Официально царь Федор Иванович, конечно, не почитался тем, чем, как мы видели выше, обозвал его шведский король, усвоив выражение московского просторечия. О неспособности и малоумии Федора не говорилось. Указывали на чрезвычайную богомольность и благочестие царя: «…зело благочестив и милостив ко всем, кроток и незлоблив, милосерд, нищелюбив и странноприимец». Богомольность Федора была, по-видимому, всем известна. Из нее выводили два следствия: во-первых, Федор угодил Богу своим благочестием и привлек на свое царство Божие благоволение; Бог послал ему тихое и благополучное царствование, и тихий царь молитвою управлял лучше, чем разумом. Во-вторых, благодетельствуя своему народу как угодник Божий, Федор не почитал необходимым сам вести дело управления: он избегал «мирской докуки», удалялся от суеты и, устремляясь к Богу, возложил ведение дел на Бориса. В царе Федоре «иночества дела потаено диадимою покровены»; в нем «купно мнишество с царствием соплетено без раздвоения едино другого украшаше». Царь, инок без рясы и пострижения, «время всея жизни своея в духовных подвизех изнурив», не мог обойтись без правителя. При таком государе «правительство» Бориса получало чрезвычайную благовидность: он не просто попечитель над малоумным, он доверенный помощник и по родству исполнитель воли осиянного благодатью Господнею монарха. На особую близость Бориса к царю и на особую доверенность царя к Борису в Москве любили указывать, конечно, по велению самого правителя. Уже в 1585 году один из московских дипломатов говорил за границей, в Польше, официально о Борисе, что «то – великий человек боярин и конюший, а се государю нашему шурин, а государине нашей брат родной, а разумом его Бог исполнил и о земле великой печальник». «Великого человека» представляли и англичанам, как «кровного приятеля» царского и «правителя государства» (Livetenant of the empire), еще в 1586 году, задолго до той поры, когда Борису официально усвоены были права регента в международных сношениях. По сообщениям из Москвы, бывшие в сношениях с Москвою иностранные правительства привыкли адресоваться к Бориску как к соправителю и родственнику московского государя. Таким образом, Борис постарался создать о себе общее представление как о лице, принадлежащем к династии, и естественном соправителе благочестивейшего государя.

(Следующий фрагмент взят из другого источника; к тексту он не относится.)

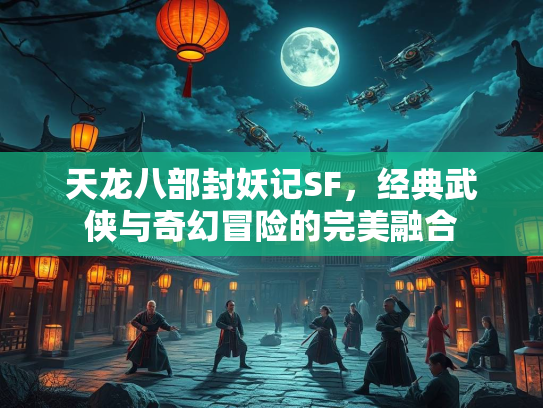 天龙八部封妖记SF，经典武侠与奇幻冒险的完美融合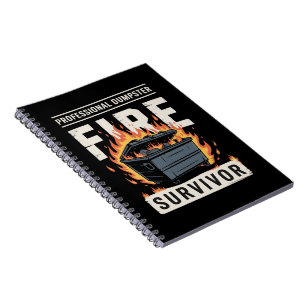 Cuaderno Superviviente Profesional de Incendios en Contened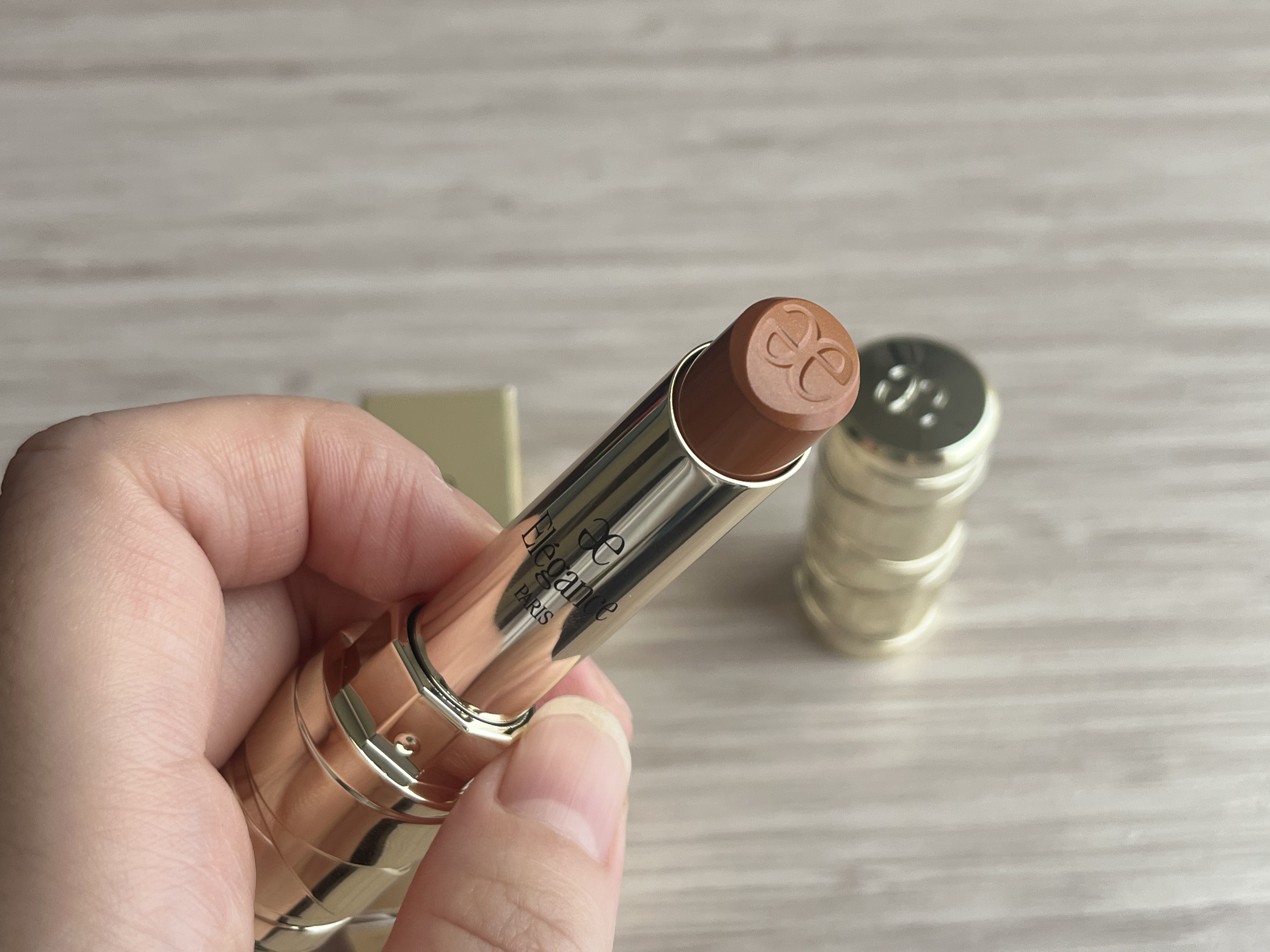 ルージュ クラジュール/Elégance/口紅を使ったクチコミ（3枚目）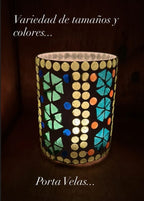 Porta Velas Venecitas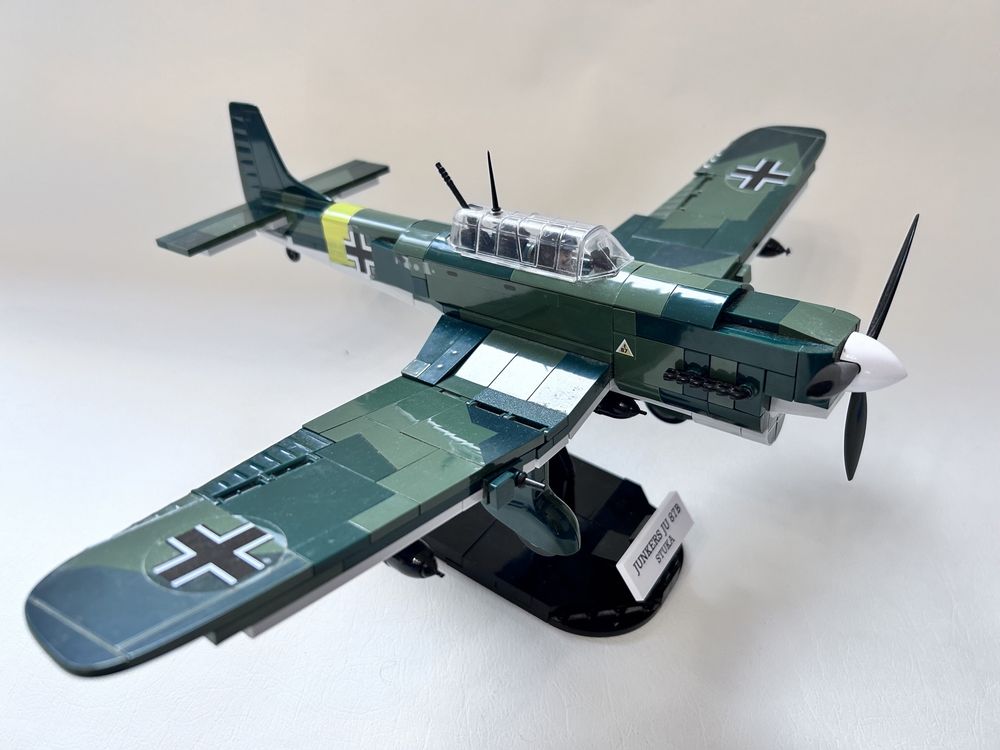 Klocki cobi samolot Junkers Ju 87b cobiJ30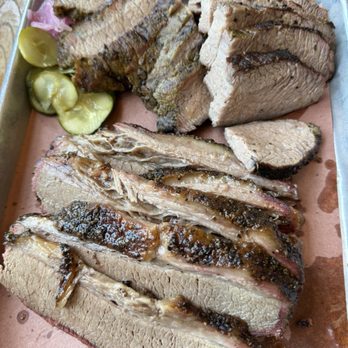 Maple Block Meat Co - Sliced Brisket $40 - Barbeque Near Me - Culver City, California Maple Block Meat Co - Sliced Brisket $40 - Barbeque Near Me - Culver City, California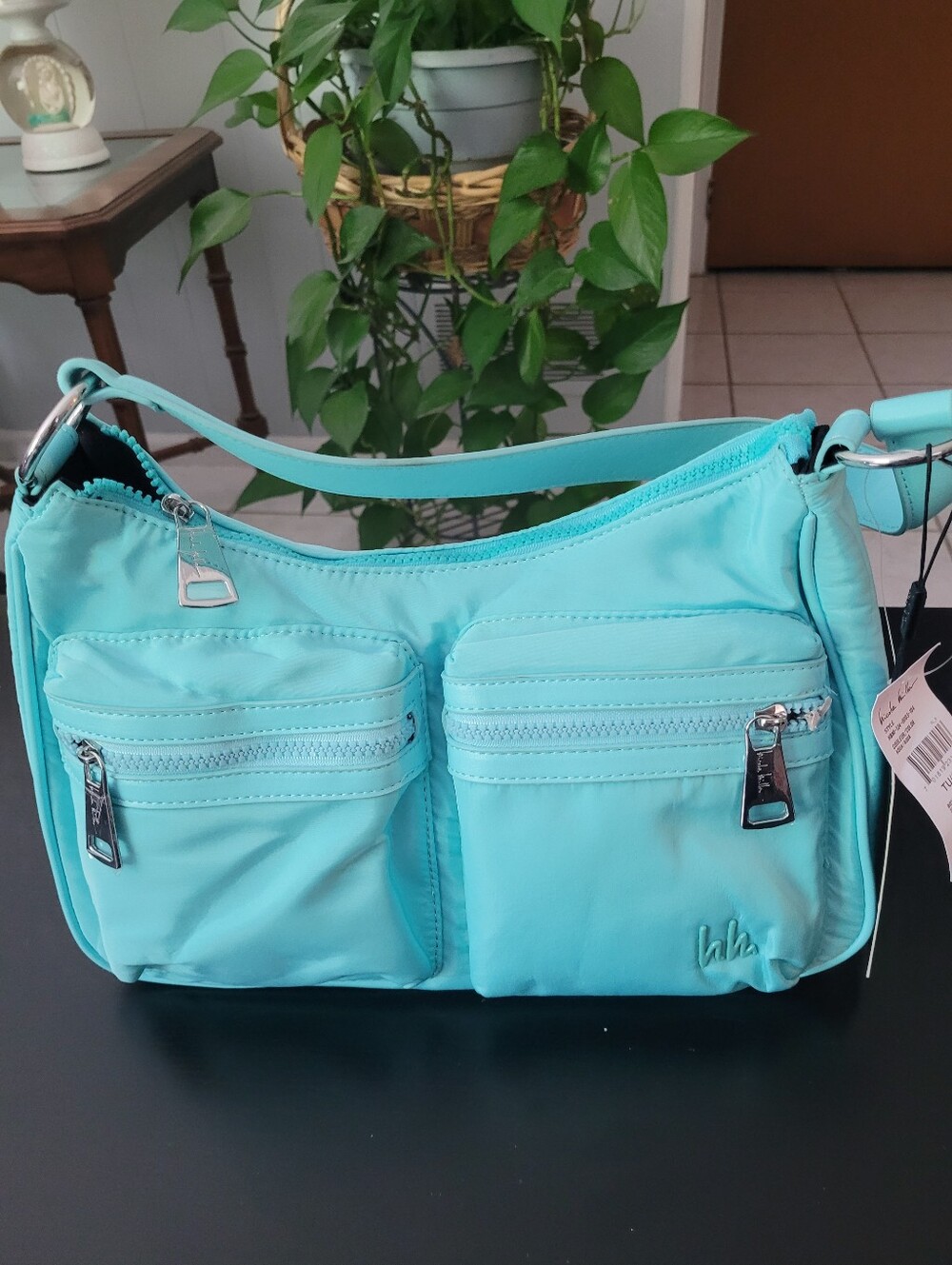 Nicile Miller Light Blue Women’s Shoulder Bag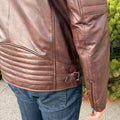 Men's Lamb Leather Jacket with Removable Hoodie - Velora Luxury Fashion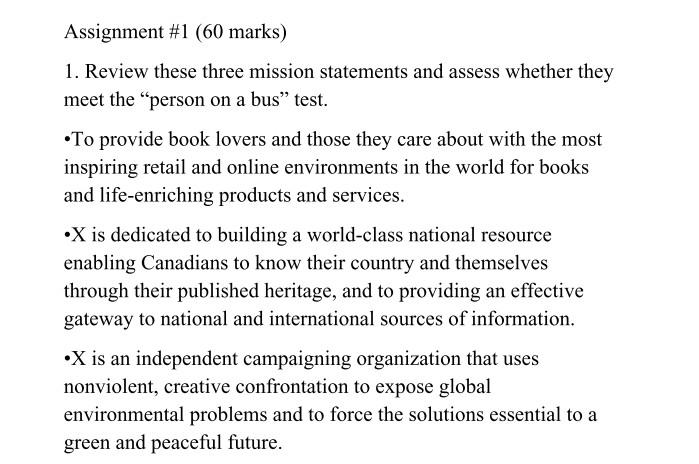 plz explain as much as you can Assignment #1 (60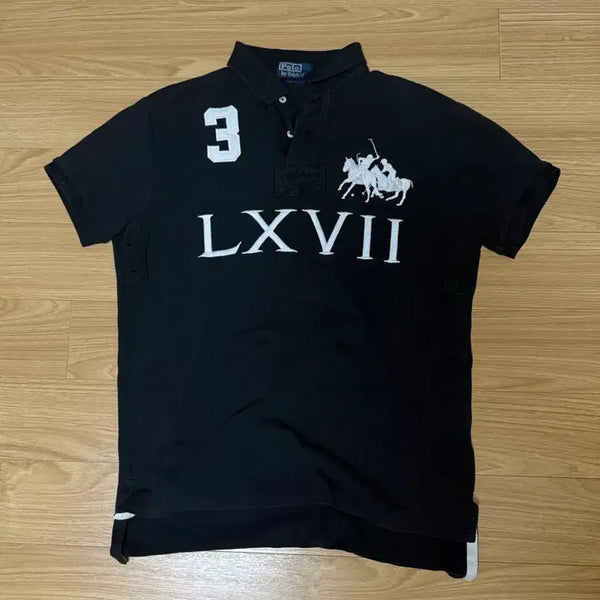 [BUNJANG] Polo Ralph Lauren Big Pony 1967 Short Sleeve Polo Shirt / 폴로 빅포니 반팔 카라티 LXVII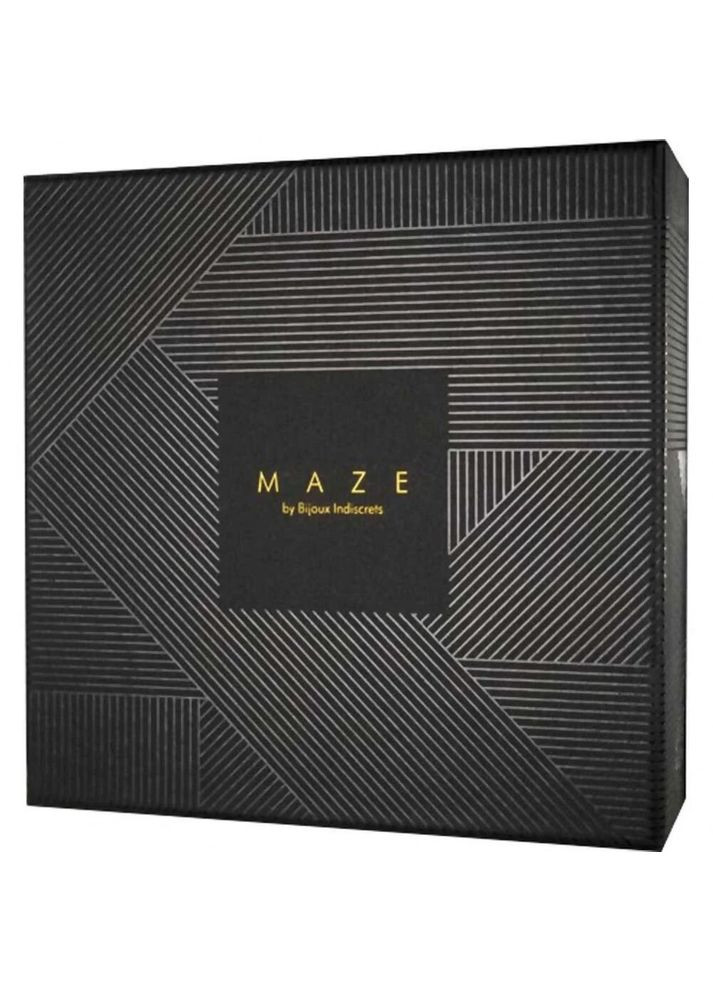 Портупея на груди MAZE Bijoux Indiscrets бежева, OS No Brand (303892037)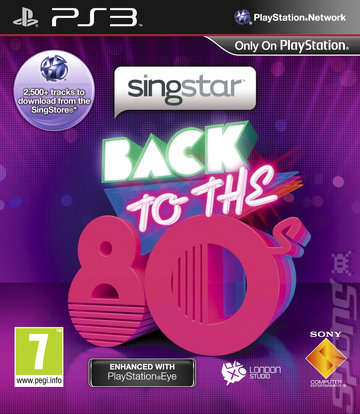 SINGSTAR BACK TO THE 80s (PS3)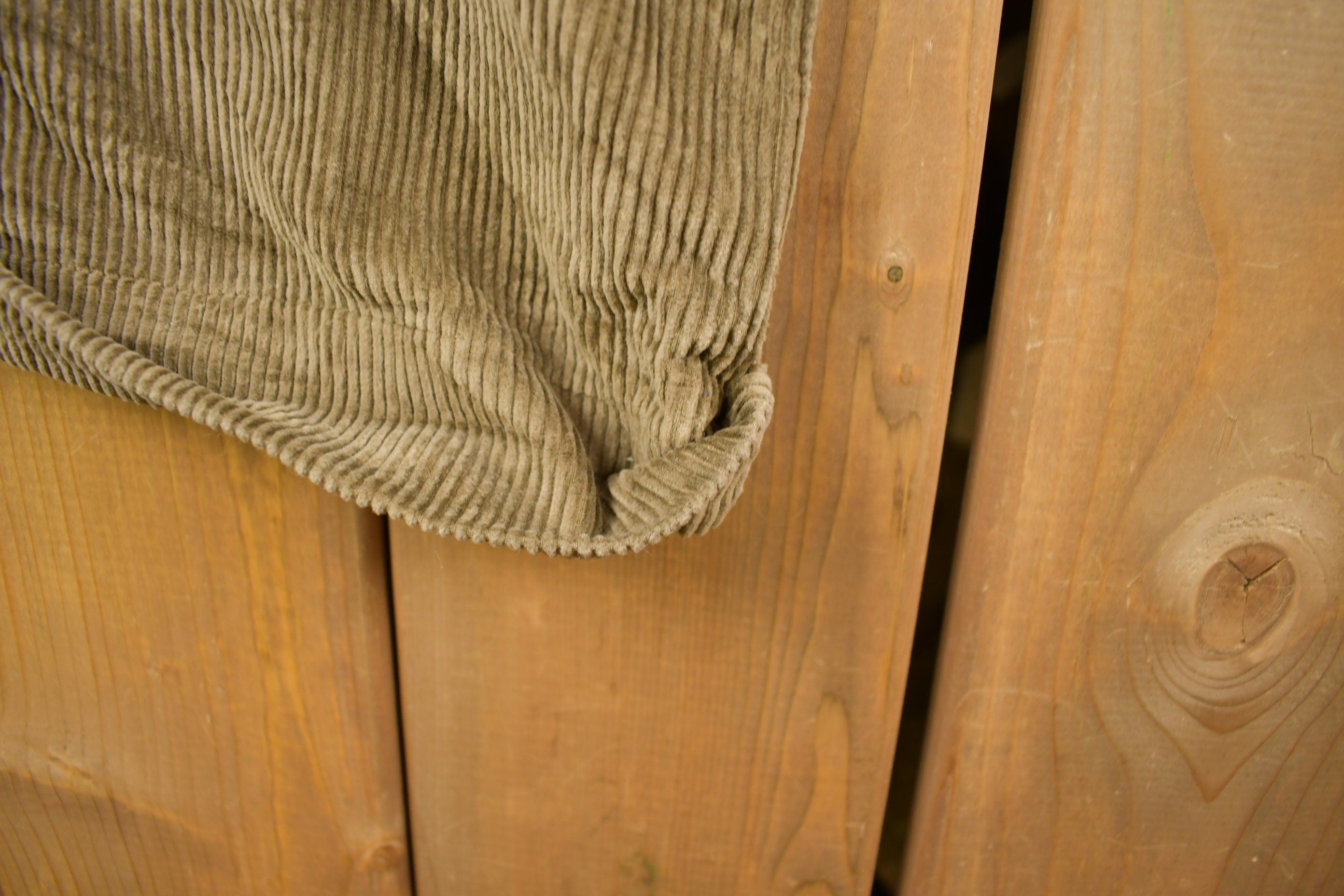 Vintage 1990s Nautica Rigger Chunky Brown Corduroy Pants Size 32 x 30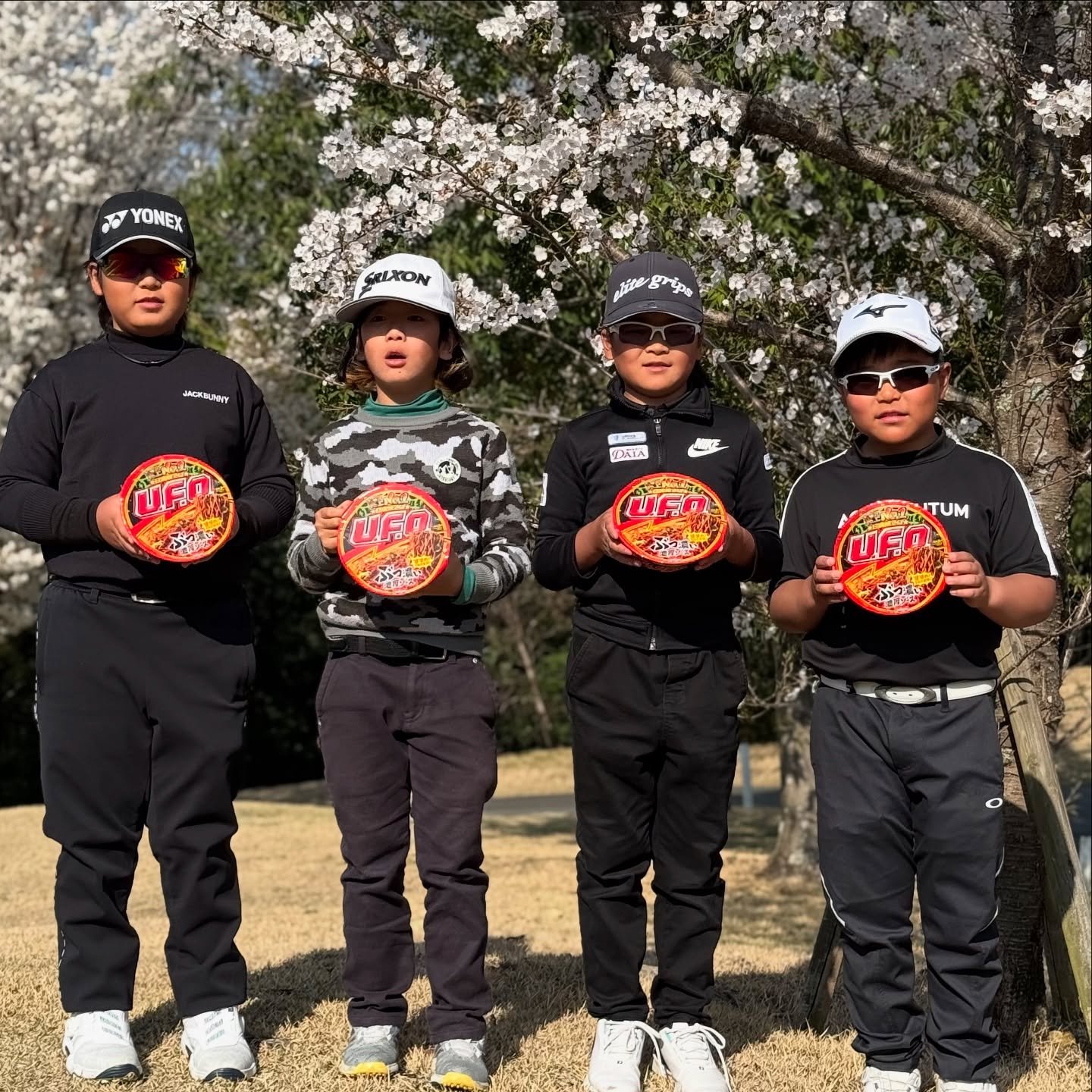 大阪府U-15ジュニアゴルフ大会 チーム戦の大会写真2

Исключительное правительственное положение Бориса, кроме общего житейского признания, должно было получить и внешнее официальное выражение. У некоторых современников-иностранцев находится запись (у Буссова и Петрея) о том, «что будто бы царь Федор, тяготясь правлением, предоставил боярам избрать ему помощника и заместителя. Был избран именно Борис. Тогда с известною церемонией, в присутствии вельмож, Федор снял с себя золотую цепь и возложил ее на Бориса, говоря: «…что вместе с этой цепью он снимает с себя бремя правления и возлагает его на Бориса, оставляя за собою решение только важнейших дел». Он будто бы желал остаться царем («ich will Kayser sein»), а Борис должен был стать правителем государства (Gubernator der Reussischen Monarchiae). Уже H.M. Карамзин отнесся к этому рассказу с явным сомнением: в нем действительно мало соответствия московским обычаям. Вряд ли Борис нуждался в подобной церемонии боярского избрания и царской инвеституры: она только дразнила бы его завистников бояр. Борис достигал своего другими способами.
Во-первых, он усвоил себе царским пожалованием исключительно пышный и выразительный титул. Нарастая постепенно, этот титул получил такую форму: государю великому шурин и правитель, слуга и конюший боярин и дворовый воевода и содержатель великих государств, царства Казанского и Астраханского. Значение этого титула пояснил своими словами посол в Персию князь Звенигородский так «Борис Федорович не образец никому»… «у великого государя нашего… многие цари и царевичи и государские дети служат, а у Бориса Федоровича всякий царь и царевичи и королевичи любви и печалованья к государю просят, а Борис Федорович всеми ими по их челобитью у государя об них печалуется и промышляет ими всеми». Неумеренная гипербола этого отзыва направлена была к тому, чтобы хорошенько объяснить «правительство» Годунова и его превосходство над всеми титулованными слугами московского государя.